One block of tofu is more than enough for four people to share as an appetizer. I made two dips to go with the nuggets, a few fresh veggies (for the health element) and you are ready to go! If you prep your nuggets and freeze like I did, you will be able to put this savoury snack together pretty quickly; its perfect for those surprise opportunities to share.
What you’ll need to make your Crispy Tofu Nuggets
- 1 block medium firm tofu, organic if possible, leave in the package
- 1 -2 t of veggie bouillon, in one cup of warm water
- 2 c of flour
- 1 c non dairy milk, your choice, I used soy
- ½ t garlic powder
- ½ t onion powder
- 1 t paprika or smoked paprika
- ½ t sea salt and ground pepper
Tip* You could get really crazy with the spices and take this anywhere in the world you wanted to go; just change the spice profile. Next time I plan to take my nuggets to Ethiopia by using the Berbere Spice mix, I think that would be amazing.
How to make your Crispy Tofu Nuggets
When making your Crispy Tofu Nuggets, you start out by freezing and thawing the tofu (in its package) twice. This is why you need a couple days just for the initial preparation for this dish. Ok, let’s get busy!
- Place the package of tofu unopened into the freezer, freeze (6-8 hours)
- When frozen, take out and thaw completely in the fridge. About ½ day to unthaw
- Freeze again, yes you heard me right. This is how we are going to get that chewy texture in the nuggets
- Thaw again, you can start on the counter to speed up the process, finish in the fridge for the last 3 hours (the package will be accumulating lots of liquid from the tofu from this process)
- When thawed, press the tofu. I cover the tofu in a clean tea towel and then put a couple really heavy books/pots/pans on top. This will squeeze out any extra moisture in your tofu. Now your tofu is ready for the flavour you are going to add back in.
- Cut the tofu into cubes about 1 x 1, just a nice one or two bite size
- Put your veggie bouillon in the water, mix completely, add your tofu and marinate for 1 hour. The longer you marinate, the more flavour you can create.

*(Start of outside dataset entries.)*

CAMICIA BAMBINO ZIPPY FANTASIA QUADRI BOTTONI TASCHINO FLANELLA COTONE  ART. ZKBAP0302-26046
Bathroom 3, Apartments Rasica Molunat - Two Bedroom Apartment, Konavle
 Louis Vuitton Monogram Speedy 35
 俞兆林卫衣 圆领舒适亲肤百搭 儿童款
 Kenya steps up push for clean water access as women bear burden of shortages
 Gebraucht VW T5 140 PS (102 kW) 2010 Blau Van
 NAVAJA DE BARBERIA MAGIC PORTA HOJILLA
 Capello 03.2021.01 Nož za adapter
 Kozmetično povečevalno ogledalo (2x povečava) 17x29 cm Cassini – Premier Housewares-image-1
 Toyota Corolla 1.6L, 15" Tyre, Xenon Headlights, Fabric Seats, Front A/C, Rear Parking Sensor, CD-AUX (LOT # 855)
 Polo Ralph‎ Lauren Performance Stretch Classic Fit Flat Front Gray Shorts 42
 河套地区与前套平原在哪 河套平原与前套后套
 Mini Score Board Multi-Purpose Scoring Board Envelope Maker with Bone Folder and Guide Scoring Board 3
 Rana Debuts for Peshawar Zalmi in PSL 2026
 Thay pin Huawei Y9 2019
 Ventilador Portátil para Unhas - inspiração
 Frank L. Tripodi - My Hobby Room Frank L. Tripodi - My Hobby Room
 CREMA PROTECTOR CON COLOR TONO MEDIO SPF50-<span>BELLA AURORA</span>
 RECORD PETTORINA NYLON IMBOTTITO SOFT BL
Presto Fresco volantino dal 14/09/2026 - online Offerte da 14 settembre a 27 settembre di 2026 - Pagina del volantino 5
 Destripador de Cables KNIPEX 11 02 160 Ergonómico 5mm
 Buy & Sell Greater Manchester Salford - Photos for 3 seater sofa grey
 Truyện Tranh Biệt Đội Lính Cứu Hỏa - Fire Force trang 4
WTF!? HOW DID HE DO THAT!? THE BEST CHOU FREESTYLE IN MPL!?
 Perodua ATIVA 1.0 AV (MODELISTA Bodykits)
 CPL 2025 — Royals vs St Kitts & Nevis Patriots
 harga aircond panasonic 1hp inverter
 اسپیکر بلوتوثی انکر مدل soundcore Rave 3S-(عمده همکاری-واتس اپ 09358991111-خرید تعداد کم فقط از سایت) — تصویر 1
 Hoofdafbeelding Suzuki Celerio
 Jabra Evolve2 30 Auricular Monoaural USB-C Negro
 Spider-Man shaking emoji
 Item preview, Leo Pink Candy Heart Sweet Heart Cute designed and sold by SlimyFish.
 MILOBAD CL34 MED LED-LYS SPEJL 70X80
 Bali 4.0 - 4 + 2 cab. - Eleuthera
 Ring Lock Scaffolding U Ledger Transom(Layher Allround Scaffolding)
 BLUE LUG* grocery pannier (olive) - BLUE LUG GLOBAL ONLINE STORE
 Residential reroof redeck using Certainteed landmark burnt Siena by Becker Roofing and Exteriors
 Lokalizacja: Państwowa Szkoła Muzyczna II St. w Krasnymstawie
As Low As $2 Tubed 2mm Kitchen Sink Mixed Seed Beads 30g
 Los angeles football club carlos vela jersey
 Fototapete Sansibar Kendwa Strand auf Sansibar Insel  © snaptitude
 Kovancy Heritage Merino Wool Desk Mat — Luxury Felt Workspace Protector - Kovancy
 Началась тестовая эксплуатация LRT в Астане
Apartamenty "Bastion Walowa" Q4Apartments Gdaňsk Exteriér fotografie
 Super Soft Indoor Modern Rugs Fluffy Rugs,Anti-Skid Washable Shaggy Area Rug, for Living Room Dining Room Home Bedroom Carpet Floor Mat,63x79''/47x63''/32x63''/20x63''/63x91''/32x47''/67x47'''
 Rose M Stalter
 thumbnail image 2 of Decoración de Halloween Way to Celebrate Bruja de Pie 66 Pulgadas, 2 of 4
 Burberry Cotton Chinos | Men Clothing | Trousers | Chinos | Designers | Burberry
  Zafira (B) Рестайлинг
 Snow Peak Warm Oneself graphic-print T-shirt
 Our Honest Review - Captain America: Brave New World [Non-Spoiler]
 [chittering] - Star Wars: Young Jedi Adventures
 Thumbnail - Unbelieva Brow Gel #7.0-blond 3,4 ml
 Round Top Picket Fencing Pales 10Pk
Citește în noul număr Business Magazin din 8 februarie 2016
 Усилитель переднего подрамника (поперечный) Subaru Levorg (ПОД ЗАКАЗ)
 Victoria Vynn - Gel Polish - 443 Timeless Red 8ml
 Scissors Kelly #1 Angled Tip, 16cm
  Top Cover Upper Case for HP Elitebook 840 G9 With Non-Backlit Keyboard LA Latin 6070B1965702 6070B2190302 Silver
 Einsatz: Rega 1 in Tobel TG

Try a different type of sauce to get interesting flavour profiles.
- Get out three soup size bowls.
- Fill one with one cup of the flour, fill the second with your non dairy milk and the third with the second cup of flour and your spices
- Roll your tofu cubes in the plain flour and then dip into the non dairy milk and finally roll and cover with the spicy flour mixture. Shake off any excess. Try to use one hand to roll. The other hand can pick up the clean tofu and drop it in the first bowl. Place the nuggets on parchment paper.
- This is where I froze my nuggets for later. When I was ready to cook, I thawed the nuggets and then proceeded as usual with the recipe. It worked perfectly.
- Heat up your oil in a pan till very hot. If you drop in a bit of tofu, it should sizzle. (Or use your hot air fryer, if you have one. Follow the directions on your fryer)
- Carefully drop the nuggets in the oil, turn to brown evenly. When brown, remove and place on some paper towel in a bowl to remove any extra oil.
- At this point I made two dipping sauces. Each had a vegan mayo dip, one had Dijon mustard added and the second had sriracha sauce. Use your imagination with the dips.
- Serve hot with dips and fresh veggies on the side. Enjoy!